Soyons honnête, les choses sont beaucoup plus compliquées quand on commence à regarder segment par segment, et l’inflation ressort beaucoup plus comme un facteur contextuel global que comme une variable explicative. Il nous faut donc un nouvel outil. Après pas mal de tâtonnements, voici ce que j’ai trouvé qui fonctionne le mieux : considérer la répartition des ventes en volumes selon le prix moyen de vente des ouvrages pour l’année considérée. C’est un peu lourd à mettre en œuvre, mais c’est assez efficace. L’avantage de cette approche, c’est qu’elle permet d’identifier facilement les « standards » de prix sur le marché, de suivre leur évolution dans le temps — et d’apporter des éléments d’explication à ces dynamiques. Voici la courbe pour l’ensemble du marché, mettant en perspective l’évolution de sa structure selon le prix pour la période 2010-2012, et la période 2018-2020. Les abscisses sont en euro, les ordonnées en millions d’exemplaires.

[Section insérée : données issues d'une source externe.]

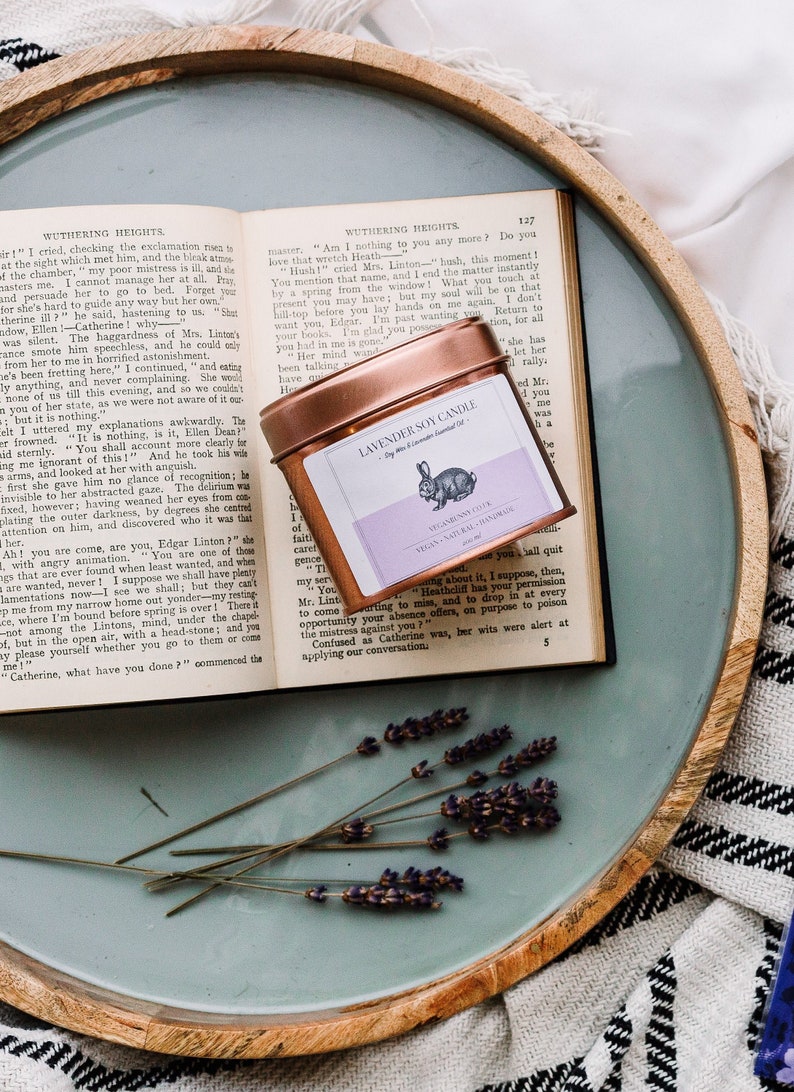 Lavender soy candle scented with calming oils eco friendly Etsy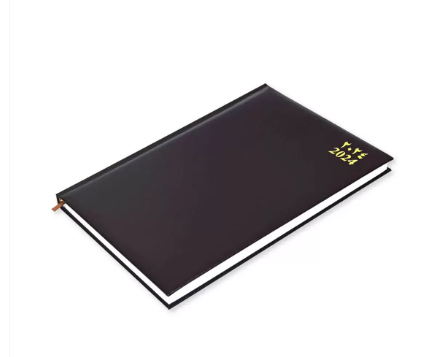 FIS Bonded Leather Diary 2024 (Arabic/English) Burgundy, A4 - FSDI40AEBW24BU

On y remarque la présence du standard « manga » autour de 7€, qui est stable entre les deux périodes ; et deux standards (autour de 10-11€ et de 14-15€) qui ont évolué à la hausse, et qui correspondent à ce que l’on rencontre du côté de la bande dessinée franco-belge. A noter que l’évolution à la hausse de ces deux standards s’explique essentiellement par l’inflation (14€ de 2011 correspondant à 15,1€ de 2019). Le manga ressort plutôt comme une anomalie, en maintenant volontairement un positionnement sur un niveau de prix autour de 7€.
Le graphique montre aussi l’arrivée des collections à petit prix (autour de 3€), mais aussi un plus grand nombre d’ouvrages à des prix supérieurs à 17€ (et peut-être le début de l’apparition d’un nouveau standard autour de 20€). Ce sont généralement des ouvrages qui correspondent aussi à une offre éditoriale qui s’écarte sensiblement du format de l’album (ce que l’on couvre souvent sous l’appellation assez floue de « roman graphique »), et qui justifient ainsi d’un prix plus élevé. Mais on voit bien comment l’évolution du prix moyen du marché est plus impactée par l’augmentation (naturelle) des prix « standards », qui concentrent la majorité des ventes, que par l’introduction de ces ouvrages à prix plus élevés.